Balance Sheet Position (as of September 27, 2025):
- Cash and Equivalents: $105.9 million
- Total Debt: $0 (no outstanding borrowings on the Amended Credit Agreement)
- Net Cash Position: $105.9 million
- Credit Rating: Not disclosed.
- Debt Maturity Profile: The Amended Credit Agreement provides for a revolving credit facility repayable in December 2026, with no outstanding balance as of September 27, 2025.
Cash Flow Generation (FY2025):
- Operating Cash Flow: $165.1 million
- Free Cash Flow: $82.3 million (Operating Cash Flow of $165.1 million minus Capital Expenditures of $82.9 million)
- Cash Conversion Metrics: Not explicitly detailed in the provided text.
Operational Excellence
Production & Service Model: J & J Snack Foods Corp. manufactures snack foods using proprietary formulas and automated, high-speed machines for products like soft pretzels. Products are quick-frozen and packaged for delivery. For frozen beverages, the Company installs and services frozen beverage dispensers at customer locations, supplying ingredients and supporting retail sales with promotions. The Company also provides repair and maintenance services for customer-owned equipment.
Supply Chain Architecture: Key Suppliers & Partners:
- Raw Materials: Flour, packaging, shortening, corn syrup, sugar, juice, cheese, chocolate, and a variety of nuts are purchased from numerous sources in the open market.
- Syrup for Frozen Beverages: Primarily purchased from The Coca-Cola Company, Keurig Dr. Pepper, Inc., the Pepsi Cola Company, and Jogue, Inc.
- Equipment: Churro production equipment, funnel cake production equipment, and soft pretzel twisting equipment are made for the Company by independent third parties. Certain specialized packaging equipment is also sourced externally. Other manufacturing equipment is readily available from various sources.
- Transportation Management Services: NFI Industries, Inc. (related party) - contracted for transportation management services, with payments of $0.9 million in fiscal 2025.

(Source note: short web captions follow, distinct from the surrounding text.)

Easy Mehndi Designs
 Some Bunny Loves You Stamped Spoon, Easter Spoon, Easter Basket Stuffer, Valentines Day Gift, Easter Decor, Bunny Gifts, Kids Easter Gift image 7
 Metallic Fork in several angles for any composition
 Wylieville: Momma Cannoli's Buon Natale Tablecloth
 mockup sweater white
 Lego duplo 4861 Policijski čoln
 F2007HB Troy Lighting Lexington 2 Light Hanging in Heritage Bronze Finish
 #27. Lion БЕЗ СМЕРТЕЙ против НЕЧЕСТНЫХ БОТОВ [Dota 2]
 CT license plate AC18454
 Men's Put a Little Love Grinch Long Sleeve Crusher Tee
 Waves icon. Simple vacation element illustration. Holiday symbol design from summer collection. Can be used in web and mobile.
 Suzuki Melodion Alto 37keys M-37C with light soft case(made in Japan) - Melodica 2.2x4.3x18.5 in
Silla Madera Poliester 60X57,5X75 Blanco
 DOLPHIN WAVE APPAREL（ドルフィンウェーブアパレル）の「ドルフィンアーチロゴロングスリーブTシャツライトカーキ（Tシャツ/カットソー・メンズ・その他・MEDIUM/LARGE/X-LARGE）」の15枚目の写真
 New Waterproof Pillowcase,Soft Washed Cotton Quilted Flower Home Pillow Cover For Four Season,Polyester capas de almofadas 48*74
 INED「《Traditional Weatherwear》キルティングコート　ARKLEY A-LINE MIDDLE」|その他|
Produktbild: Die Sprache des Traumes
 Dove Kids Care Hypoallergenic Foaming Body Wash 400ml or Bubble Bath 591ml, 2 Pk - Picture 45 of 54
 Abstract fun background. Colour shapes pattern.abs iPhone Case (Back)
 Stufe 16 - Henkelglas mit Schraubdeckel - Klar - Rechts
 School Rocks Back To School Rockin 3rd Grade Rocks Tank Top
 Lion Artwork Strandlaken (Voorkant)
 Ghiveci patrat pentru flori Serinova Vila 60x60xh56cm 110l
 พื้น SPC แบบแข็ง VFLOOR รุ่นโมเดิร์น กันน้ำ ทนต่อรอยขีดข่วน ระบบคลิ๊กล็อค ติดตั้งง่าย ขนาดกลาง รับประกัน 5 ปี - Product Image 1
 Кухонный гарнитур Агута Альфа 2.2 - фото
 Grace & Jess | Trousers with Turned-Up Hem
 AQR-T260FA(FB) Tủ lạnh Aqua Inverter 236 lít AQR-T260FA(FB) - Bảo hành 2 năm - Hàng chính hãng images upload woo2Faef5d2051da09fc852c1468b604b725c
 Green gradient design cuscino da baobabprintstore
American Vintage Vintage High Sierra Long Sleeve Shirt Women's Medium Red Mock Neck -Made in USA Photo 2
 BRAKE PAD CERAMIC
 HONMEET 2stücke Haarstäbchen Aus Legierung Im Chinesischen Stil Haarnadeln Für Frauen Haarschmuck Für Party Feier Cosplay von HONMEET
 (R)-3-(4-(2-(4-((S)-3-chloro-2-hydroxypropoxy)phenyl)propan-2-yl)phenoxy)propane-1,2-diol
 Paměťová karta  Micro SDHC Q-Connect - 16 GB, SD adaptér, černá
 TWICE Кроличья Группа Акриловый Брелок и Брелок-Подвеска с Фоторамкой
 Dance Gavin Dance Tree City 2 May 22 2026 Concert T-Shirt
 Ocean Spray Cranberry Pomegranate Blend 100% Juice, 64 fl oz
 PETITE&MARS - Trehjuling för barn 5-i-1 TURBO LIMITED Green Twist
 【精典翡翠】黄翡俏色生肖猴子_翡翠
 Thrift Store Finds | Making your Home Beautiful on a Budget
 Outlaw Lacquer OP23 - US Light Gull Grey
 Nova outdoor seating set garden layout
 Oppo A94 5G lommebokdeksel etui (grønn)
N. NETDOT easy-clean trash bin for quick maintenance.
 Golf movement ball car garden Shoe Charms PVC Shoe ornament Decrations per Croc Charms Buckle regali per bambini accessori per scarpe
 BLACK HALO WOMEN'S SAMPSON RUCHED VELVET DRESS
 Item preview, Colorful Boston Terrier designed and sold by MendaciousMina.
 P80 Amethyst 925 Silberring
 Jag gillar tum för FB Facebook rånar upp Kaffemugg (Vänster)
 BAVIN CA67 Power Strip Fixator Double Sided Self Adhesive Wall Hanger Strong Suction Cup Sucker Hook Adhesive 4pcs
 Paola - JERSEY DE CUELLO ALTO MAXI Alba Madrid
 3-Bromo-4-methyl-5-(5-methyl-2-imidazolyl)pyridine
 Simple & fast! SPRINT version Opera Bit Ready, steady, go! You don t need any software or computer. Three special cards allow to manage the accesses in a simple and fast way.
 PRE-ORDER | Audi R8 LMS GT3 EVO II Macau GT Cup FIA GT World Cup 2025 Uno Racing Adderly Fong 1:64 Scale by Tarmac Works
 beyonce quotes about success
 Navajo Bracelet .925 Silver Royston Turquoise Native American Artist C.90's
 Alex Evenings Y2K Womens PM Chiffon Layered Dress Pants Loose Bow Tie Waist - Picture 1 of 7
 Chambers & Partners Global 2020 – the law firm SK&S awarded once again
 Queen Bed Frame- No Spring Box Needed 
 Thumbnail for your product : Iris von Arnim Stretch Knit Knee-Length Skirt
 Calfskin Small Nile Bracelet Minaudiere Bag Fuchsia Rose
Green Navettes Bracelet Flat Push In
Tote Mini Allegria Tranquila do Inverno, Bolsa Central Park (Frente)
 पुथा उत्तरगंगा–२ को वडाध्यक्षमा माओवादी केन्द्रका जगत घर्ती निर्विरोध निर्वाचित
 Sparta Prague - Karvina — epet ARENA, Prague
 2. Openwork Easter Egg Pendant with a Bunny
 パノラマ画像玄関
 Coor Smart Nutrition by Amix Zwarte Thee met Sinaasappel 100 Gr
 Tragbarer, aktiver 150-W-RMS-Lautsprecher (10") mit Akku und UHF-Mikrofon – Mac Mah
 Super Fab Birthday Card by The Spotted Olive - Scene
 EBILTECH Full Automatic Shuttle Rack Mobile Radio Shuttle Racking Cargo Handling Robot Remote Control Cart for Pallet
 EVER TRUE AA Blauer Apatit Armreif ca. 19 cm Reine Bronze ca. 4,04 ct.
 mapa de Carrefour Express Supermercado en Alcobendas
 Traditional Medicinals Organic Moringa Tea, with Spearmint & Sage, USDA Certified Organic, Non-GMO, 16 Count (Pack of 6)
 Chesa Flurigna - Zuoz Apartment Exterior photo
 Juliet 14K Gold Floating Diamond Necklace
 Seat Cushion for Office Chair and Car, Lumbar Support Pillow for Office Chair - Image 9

- Labor Management Services: NFI Industries, Inc. (related party) - entered into a master service agreement for labor management services, with payments of $16.2 million in fiscal 2025.
Facility Network:
- Manufacturing: Operates owned and leased manufacturing facilities across the United States, including Pennsauken, Bellmawr, Scranton, and Woolwich, New Jersey; Vernon, Brooklyn, Colton, Atlanta, Rock Island, Hatfield, Carrollton, Bridgeport, Moscow Mills, Holly Ridge, Weston, Paducah, and Tampa.
- Research & Development: Not explicitly detailed, but R&D costs are expensed as incurred.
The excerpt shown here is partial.